Exercise instructions:
Copy exactly the lines of the material below that run from the one containing "French Model 1804" through the one containing "Albergo Quarto Pirovano". Copy no other lines.

Input records:
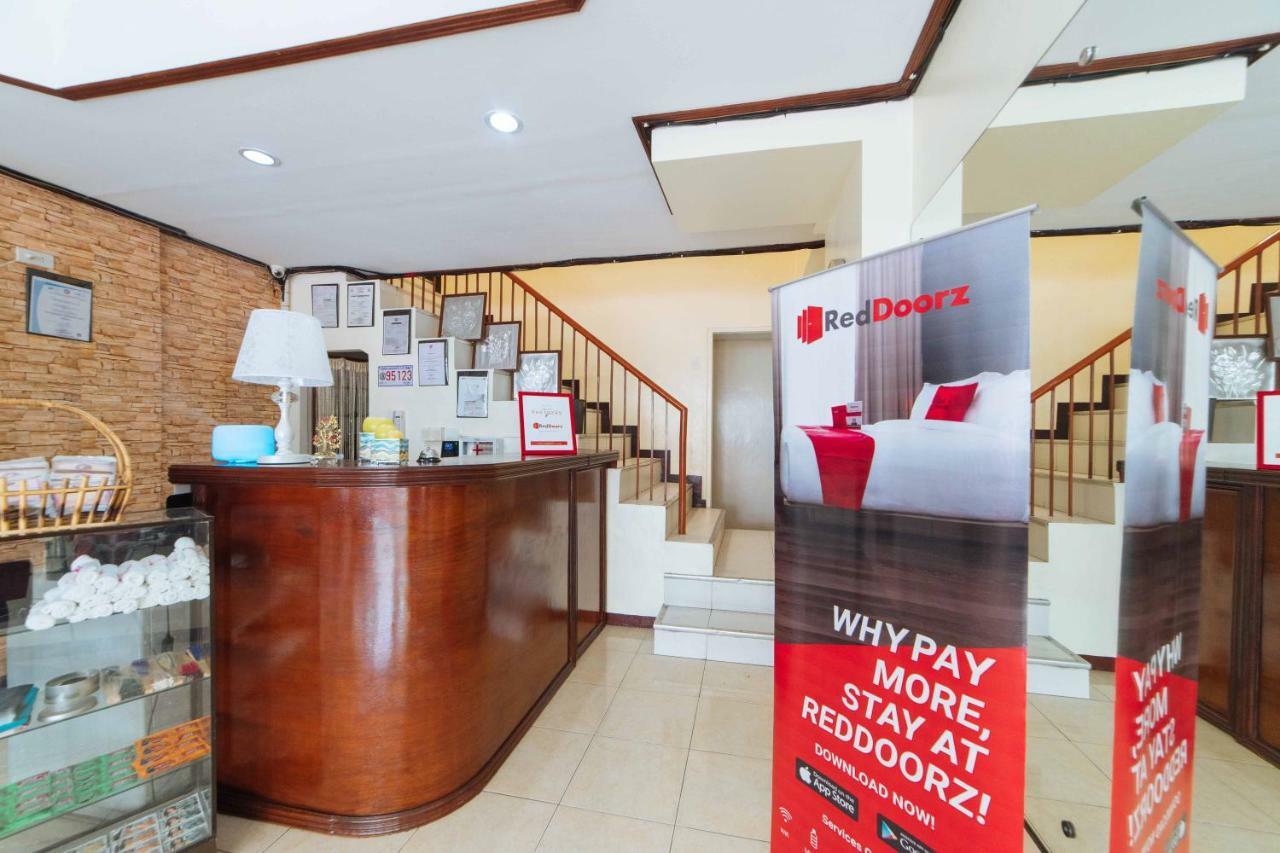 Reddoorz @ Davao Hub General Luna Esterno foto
---
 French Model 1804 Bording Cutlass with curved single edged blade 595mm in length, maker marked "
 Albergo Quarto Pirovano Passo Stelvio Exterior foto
---
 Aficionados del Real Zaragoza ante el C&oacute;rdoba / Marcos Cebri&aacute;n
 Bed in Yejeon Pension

Written response:
 French Model 1804 Bording Cutlass with curved single edged blade 595mm in length, maker marked "
 Albergo Quarto Pirovano Passo Stelvio Exterior foto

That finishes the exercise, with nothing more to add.